At 8,688 feet elevation, the Sprague Lake Trail is an easy, 0.5 mile loop trail around the 13 acre lake that is accessible and features boardwalks and wooden bridges with views of Flattop Mountain and Hallet Peak.

Sprague Lake Trail is perfect for families because the trail is pretty short and has virtually no elevation gain. Benches found along the trail encourage you to take breaks and enjoy the majestic views the Continental Divide reflected in the water, including Half Mountain, Thatchtop Mountain, Taylor Peak, Otis Peak, Hallett Peak, Flattop Mountain, and Notchtop Mountain.

After crossing a beautiful wooden bridge over Glacier Creek, we headed right on the Sprague Lake Trail and just a few minutes into our walk, Brian spotted a female moose standing in the lush green vegetation near the shoreline. As we walked toward the moose, we saw more movement in the area and saw a baby moose walking behind the mama right before they laid down.

We couldn’t believe it! We had seen moose in other parts of the park, but weren’t expecting to see any at Sprague Lake, which made this final stop on our Rocky Mountain National Park adventure even more special.

Once we reached the point in the trail closest to the mama and baby moose, I was able to snap a couple photos, but because they were bedded down for the night, we couldn’t see much more than the mama’s head and the baby’s ears. We did wait for a while, hoping they would stand up, but eventually continued our walk around the stunning subalpine lake to let them relax in peace.

History Of Sprague Lake

Sprague Lake is named after Abner Sprague, one of the original settlers in the Estes Park area.
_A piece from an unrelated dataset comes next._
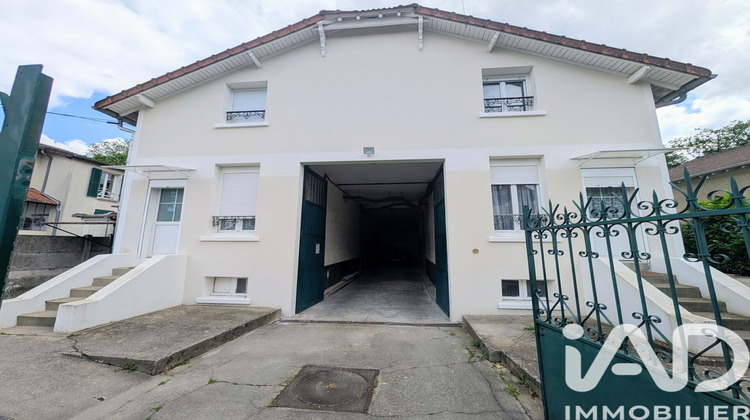 Ma-Cabane - Vente Immeuble Ézanville, 288 m²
  • Abner Sprague served three terms as Larimer County surveyor
  • He was the first Rocky Mountain National Park visitor to pay an entrance fee in 1939
  • He climbed Longs Peak in 1874 at age 24 and again 50 years later in 1924 at the age of 74

Sprague built a homestead in Moraine Park in 1874 that eventually grew into a hunting and fishing lodge and dude ranch. In 1900, Abner and Alberta Sprague sold their lodge to James Stead and moved to Loveland. Stead continued to operate Stead’s Ranch and Hotel until 1962.
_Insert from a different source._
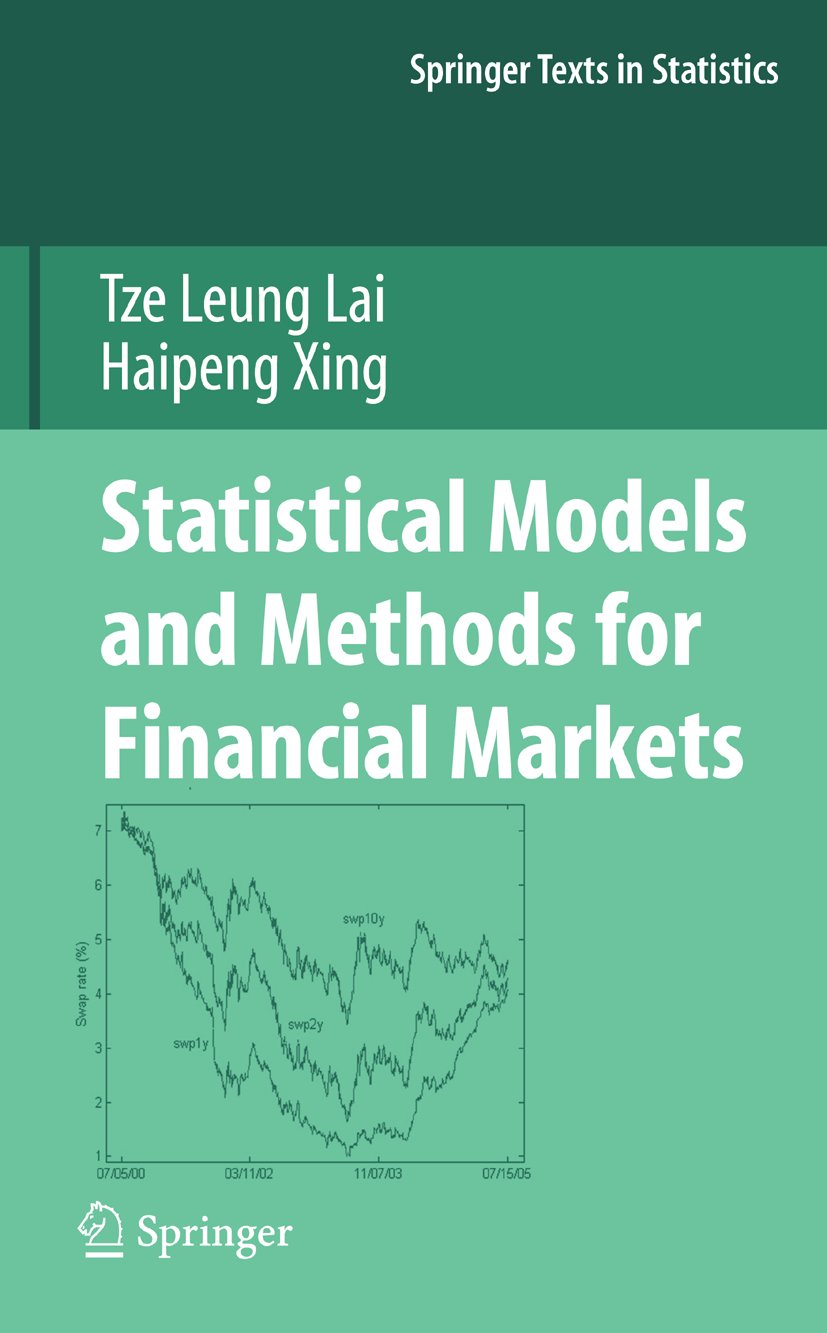 Springer Texts in Statistics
The Sprague’s soon found themselves missing the Rocky Mountains so much that they purchased property in the Glacier Basin area around 1910 and built another magnificent lodge near the current parking area for Sprague Lake. Before Rocky Mountain National Park was established in 1915, Sprague dammed the wide pond on Glacier Creek to create Sprague Lake and provide better brook, brown, and rainbow trout fishing for his guests.

The National Park Service purchased the property in 1932 and gave the Sprague’s a twenty year lease before removing all of the buildings in 1957.

Know Before You Go

  • Sprague Lake in Rocky Mountain National Park is located on Sprague Lake Road off Bear Lake Road in Estes Park, Colorado 80517 in Larimer County.
  • Sprague Lake is only 7.0 miles from the Beaver Meadows Visitor Center and 5.0 miles from the Moraine Park Discovery Center.
  • Sprague Lake Picnic Area has 12 picnic tables and grills along Glacier Creek and water. Accessible flush restrooms are open in the summer and vault restrooms are open in the winter.
  • Sprague Lake is one of the approved wedding sites in Rocky Mountain National Park and can accommodate up to 35 people.
  • The 10 mile long Bear Lake Road begins near the Beaver Meadows Entrance Station and is open year round but it does temporarily close due during bad weather.
  • The Bear Lake area is very busy, especially in summer and on fall weekends, which means all parking areas often fill completely by early morning and rangers close access to the road just past the Moraine Park Discovery Center, requiring you to use the free park shuttle buses that run from the Estes Park Visitor Center (outside Rocky Mountain National Park) to various stops along Bear Lake Road.
  • The free park shuttle bus stops at the Glacier Creek Stables just 0.25 miles from Sprague Lake.
  • Download the Bear Lake Area Summer Trail Guide or the Bear Lake Area Winter Trail Guide.
  • Dogs and pets are not allowed. Fishing is allowed with a permit.